One more point about EPSA: From a practical perspective, it gives FERC a lot of room to maneuver when it develops programs to achieve its various policy goals. Joel Eisen, a professor at University of Richmond described the decision as "open[ing] up a vast new frontier for FERC to innovate and pursue broad policy goals.”
Power Points: Does this indicate FERC might be reaching for broader authority? Will this require some U.S. Congressional policy clarification?
Seifter: As for whether FERC is reaching for broader authority, yes and no. Surely FERC is trying to regulate matters like demand response that were outside the traditional federal paradigm. But at the same time, FERC has been essentially policing itself, trying to draw practical limits on its own jurisdiction -- for example, by allowing states to opt out from wholesale demand response, and by indicating that it's not going to regulate net metering.
Congressional clarification is, in a sense, the gold standard when it comes to resolving disputes about agency authority. Agencies are creatures of Congress, and the Court is trying to divine congressional intent when it patrols agencies' boundaries. So yes, if Congress were to intervene to clarify, that would be useful. But in the present era of gridlock, that seems unlikely to occur.
Power Points: Also related, what does this mean for consumers of energy, like you and me? Does this mean there will be more flexibility when it comes to how much control we have over our energy bills?
Seifter: I should leave the details of your question to policy experts like Gary, but to the extent that demand response is viewed as good for reducing consumer rates, EPSA is a victory for consumers.
On the Hughes (FERC) Decision
Power Points: Could you give us a quick take-home of Hughes, the second “big” FERC case?
Seifter: Hughes involves Maryland’s attempt to increase construction of new power plants within its borders by offering a premium over the federal price (that is, the market clearing price in federally supervised capacity markets). The Supreme Court rejected Maryland’s attempt, essentially because it was an outright revision of the wholesale rate. But the Court was at pains to say its decision was narrow, leaving room for other attempts to “encourage development of new or clean generation,” presumably ones that do not blatantly link compensation to the federal capacity auction (tax credits? subsidies? other creative regulation?). A lot of uncertainty remains, because the Court does not delineate what will be permissible going forward.
Power Points: So it depends on whether there is a link between those attempts and the wholesale rate?
Seifter: A key question is whether the state effort comes too close to revising/changing the wholesale rate. The Court will be looking at the impact on the wholesale rate as well as (per a case from the previous Term called Oneok) whether the state effort was "aimed" at the federal rate.
Power Points: So we can imagine that down the line, a state could create an incentive based on a differently organized rate structure, and it could potentially pass the test, if it were creative enough in how it devised those incentives.

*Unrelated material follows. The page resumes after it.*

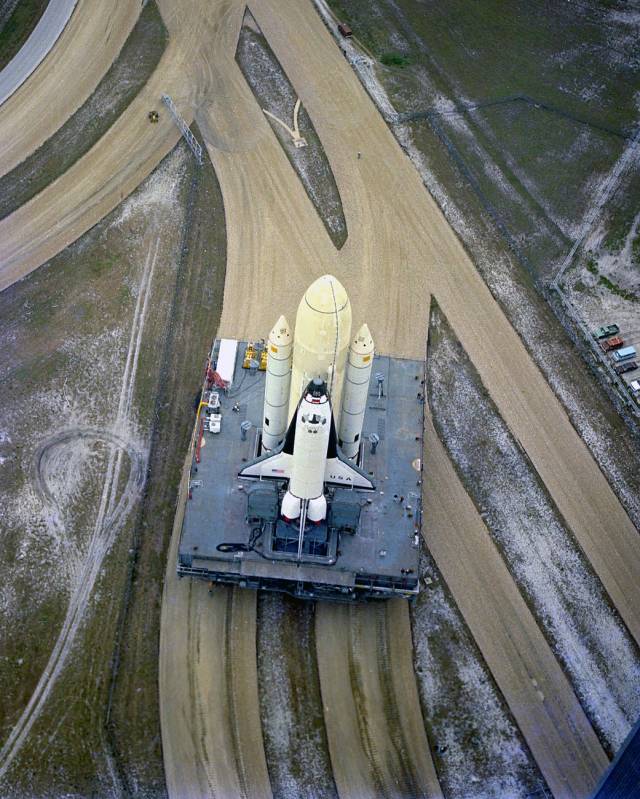 The STS-1 vehicle -- consisting of America's first reusable spaceship, space shuttle Columbia, the external propellant tank and twin solid rocket boosters -- rolls down the crawlerway.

Seifter: That’s a fair reading of what the Court said. We’ll have to see how it plays out in practice.
On the Future of the Clean Power Plan
Power Points: On to the Clean Power Plan. The Clean Power Plan is back in the hands of the circuit courts. Do you have any thoughts on what will happen there, or is it too early to guess?
Seifter: It's going to be argued in September. The DC Circuit decided, sua sponte, to hear the case en banc -- that is, by all of the judges rather than the usual three-judge panel. That probably signals that the court believes the case is quite important. I don't have a prediction of how the case will come out; like you, I’ll be watching with great interest.